It was early in the morning when I pulled into the PCA off-airport parking lot, pulled my bag out of the car, and waited for the shuttle to pick me up for the short ride to the airport. It was only a minute or two before the shuttle pulled up, loaded with sleepy travelers, their bags stacked on the rack just inside the bus.
I fully expected the driver to open the shuttle door, grab my bag, hand me a car location slip, ask me what airline I was flying, and tell me to be seated. This fairly mundane, but necessary experience is one I’ve had many times. But today was different. When the shuttle door opened, the driver hopped out, said a cheerful “Good Morning,” jumped back inside with my bag in hand, offered me his hand up the step, and said, “Welcome aboard” as he wrote my car location
on a slip and handed it to me. When I told him the airline I’d be flying, he said, “That will be our second stop. I’ll be sure to announce it.” As I sat down on the bus, he offered me a bottle of water from the cooler by his seat. I noticed classical music playing on the radio, just loud enough to cover up the noise of the bus engine. On the trip to the airport, this driver made two informative announcements, asked how the temperature was in the bus and reminded us to look on the back of our ticket stubs for the 800# to call if we had a late return and needed immediate pickup.
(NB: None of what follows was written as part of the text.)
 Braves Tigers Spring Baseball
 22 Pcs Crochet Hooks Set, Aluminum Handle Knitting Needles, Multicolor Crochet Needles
In less than 15 minutes, the attitude, enthusiasm, and needs satisfaction this driver gave us made an otherwise ordinary ritual into a very pleasant experience. Little things? Yes. But with every comment or helpful gesture, he addressed two essential elements of gaining customer satisfaction and loyalty.
1. Think in the prospect’s perspective.
This driver was thinking about what we wanted and needed, and addressed our needs as if he really enjoyed being of service. It couldn’t help but make us feel good.
2. Give the customer more than they expect when they least expect it.
The water, the music, the friendliness, the information – none of it really necessary. But the value it added to this experience will keep me coming back to this parking lot, hoping to get this bus driver again and again.
Did I tip him? You bet! Will I mention him and this experience on a customer satisfaction survey? Absolutely. Will I extend the reach of their marketing by being a good word-of-mouth referral source? I will. I just did.
Pretty effective marketing for 15 minutes worth early in the morning. I encourage you to think about how you can make your prospects and customers feel that every encounter with you, however brief, is an unexpectedly positive one. Examples might be to sound so enthusiastic on the telephone that your prospect cannot wait to come in and meet you personally, to answer prospect objections using the Triple A Formula, to have a welcome sign ready for prospect and child when they walk in the door of your center for a visit, to have a surprise Parents’ Day when every parent bringing in their child gets a special treat and a photo (Polaroid or email with permission) to take to work with them. However small, if your action is timely and of value to the prospect or customer, you’ll make their ride with you a pleasant one. If a shuttle driver can do it, so can you.
Best wishes and happy enrollment building.